Monday, June 16, 2014


By Barbara Louise Davis

   I started at the Center for Accessible Living as a secretary on June 4, 1984. Since then my involvement with CAL has taken a lot of twists and turns: sometimes as paid staff, sometimes as a volunteer, and at other times as both a volunteer and a paid consultant. I’ve learned a lot during those thirty years. Below are some of the changes I’ve seen and things I’ve learned.

Many People Can Fit in a Very Tight Space
We were in the Interchange Building on 8th and Jefferson in 1984.  There was a staff of 11 people. The bookkeeper’s office was in the closet, six people were almost on top of each other in one small room, and the peer support/counseling office was also the library. Despite the small staff and shortage of office space, programs and services provided were: housing, advocacy, ramp building, independent living skills training, individual and group counseling, peer support mentoring, loan closet and information and referral.
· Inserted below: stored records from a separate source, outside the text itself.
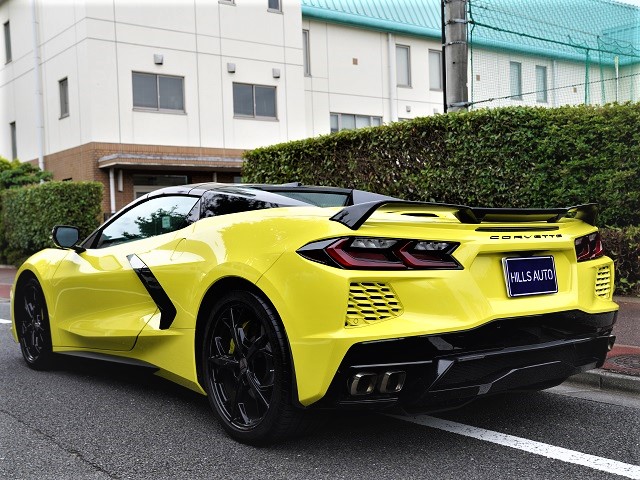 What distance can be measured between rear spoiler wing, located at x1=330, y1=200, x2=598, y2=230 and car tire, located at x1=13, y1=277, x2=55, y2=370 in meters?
3.20

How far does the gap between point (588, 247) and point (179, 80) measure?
1943 cm

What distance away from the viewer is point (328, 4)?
83.9ft

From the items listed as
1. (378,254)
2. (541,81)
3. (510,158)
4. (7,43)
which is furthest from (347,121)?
(378,254)

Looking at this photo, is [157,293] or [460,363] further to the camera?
[157,293]

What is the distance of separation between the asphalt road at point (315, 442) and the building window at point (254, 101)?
18.9 m

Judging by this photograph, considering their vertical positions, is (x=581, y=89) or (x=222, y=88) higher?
(x=222, y=88)

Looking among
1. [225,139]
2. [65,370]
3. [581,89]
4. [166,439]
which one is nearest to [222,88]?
[225,139]

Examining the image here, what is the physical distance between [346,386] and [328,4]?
2399cm

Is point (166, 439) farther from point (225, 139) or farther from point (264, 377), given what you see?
point (225, 139)

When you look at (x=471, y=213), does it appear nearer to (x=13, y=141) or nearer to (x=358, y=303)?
(x=358, y=303)

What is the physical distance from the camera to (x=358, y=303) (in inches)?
127

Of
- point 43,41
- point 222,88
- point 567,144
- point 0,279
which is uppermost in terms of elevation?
point 43,41

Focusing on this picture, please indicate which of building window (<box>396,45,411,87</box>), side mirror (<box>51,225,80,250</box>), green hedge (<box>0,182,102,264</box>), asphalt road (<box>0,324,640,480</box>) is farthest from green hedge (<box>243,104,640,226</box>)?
building window (<box>396,45,411,87</box>)

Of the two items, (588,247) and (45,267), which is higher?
(588,247) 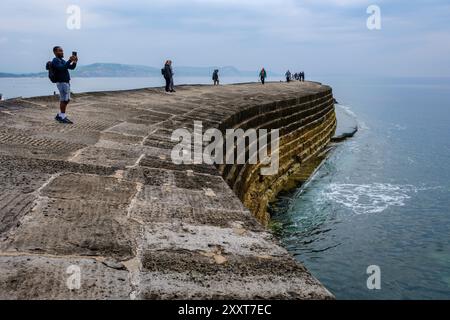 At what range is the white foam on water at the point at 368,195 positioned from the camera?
16.0m

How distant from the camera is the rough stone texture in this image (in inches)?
86.1

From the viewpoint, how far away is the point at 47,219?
293cm

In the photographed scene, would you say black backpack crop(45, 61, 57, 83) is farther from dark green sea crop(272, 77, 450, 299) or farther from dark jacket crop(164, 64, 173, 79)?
dark jacket crop(164, 64, 173, 79)

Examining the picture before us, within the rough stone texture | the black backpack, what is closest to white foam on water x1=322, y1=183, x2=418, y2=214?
the rough stone texture

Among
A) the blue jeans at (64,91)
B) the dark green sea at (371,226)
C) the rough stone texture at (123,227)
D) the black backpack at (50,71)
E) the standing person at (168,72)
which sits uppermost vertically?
the standing person at (168,72)

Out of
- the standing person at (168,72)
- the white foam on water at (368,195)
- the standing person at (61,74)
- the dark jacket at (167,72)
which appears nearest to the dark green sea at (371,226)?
the white foam on water at (368,195)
There have been several moves since, as our office staff and range of programs and services have expanded.

It Takes a Village to Change a Law, But One Person’s Vote DOES Count
CAL has always had an active part in systems change. Its staff, volunteers and voting consumers have worked tirelessly to get the Attendant Care Program funded, to improve transportation services, to get more funding for ramp building, housing, and other programs, and to educate consumers on the fact that their one vote does make a difference. When I first started at CAL, I saw consumer groups that worked very hard and successfully to get a bill passed to fund the Attendant Care program. Through the years I have been a witness to how much a difference it can make when voters call in to their representative to voice their desire for passage or failure of a particular bill. There have been a number of instances in these campaigns where a bill passed or failed by one vote.

Accommodations Can Be Simple and Inexpensive
At CAL the majority of the staff is comprised of individuals with physical, mental and learning disabilities. Accommodations are a way of life here. I’ve seen them range from something as simple as a string across a door, a few blocks under the legs of a desk, a large font size on printed material and comfortable office chairs for those with back problems. As technology has advanced, it has been easier for CAL to provide accommodations such as televisions and telephones with close-captioning, video relay, telephones with built-in amplifiers, software programs for those who are blind and visually impaired, and other types of accommodations.

We Will Never Give Up
There have been many gains and losses in disability rights, program funding and community services throughout the years of my involvement with CAL. Often something we have fought hard to achieve has either been taken away or has come close to being taken away. At other times CAL staff, consumers and volunteer have worked to fight what appeared to be a losing battle but ended up being a winning one. Throughout it all, we have never given up. As a result, the disability community and CAL as a whole have come a long way in thirty years. We know, however, that there is still much room for improvement, and so will continue to advocate for change when needed.

Teamwork Gets More Done
When we had a staff of 11, we provided a lot of programs and services. About a year after I started, the staff was cut to 8, and we provided those same services. We did this by pulling together and doubling up. Since then, there have been a lot of times when funding ended for a program or programs, and staff has had to once again pull together and double up to continue providing services. I have worked in a lot of places before I came to CAL, and never have I seen an organization that has teamwork like CAL does.

Old Dogs Can Learn New Tricks
Consumers who become newly disabled frequently come to CAL thinking they could not adjust to life as a person with a disability “at my age.” The reality is, with a positive attitude, a willingness to embrace technology and ability to try some creative adaptations, it is possible for anyone at any age to live a full, satisfying life with a disability. Will it be perfect? Probably not; but then, life as an able-bodied person isn’t perfect, either.

    A lot of things have changed at CAL in thirty years. We’ve gone from a small office in Louisville to a much larger office in Louisville, a satellite office in Murray, and a new satellite office in Northern KY. There was no First Impressions Suit Closet, employment program or consumer resource room.

    Technological advances have had a huge impact on how things are done at CAL now. We didn’t have a fax machine, paper folder and a computer at every staff member’s desk in 1984. We couldn’t apply for grants through the Internet or help consumers apply for jobs via Internet then, either. There was no web site, blog or electronic mailings, and nobody on the staff had cell phones.

    Staff members have come and gone since June 1984. We remember many of them with a fond heart. Most of all, we remember Elaine Zwicker and Angela Casey, who left this world way too soon.

     The last thirty years with CAL has been a wild ride. The next thirty years should bring about even more wonderful changes for CAL and the disability community. Thanks to all of our supporters & consumers for making us what we are today!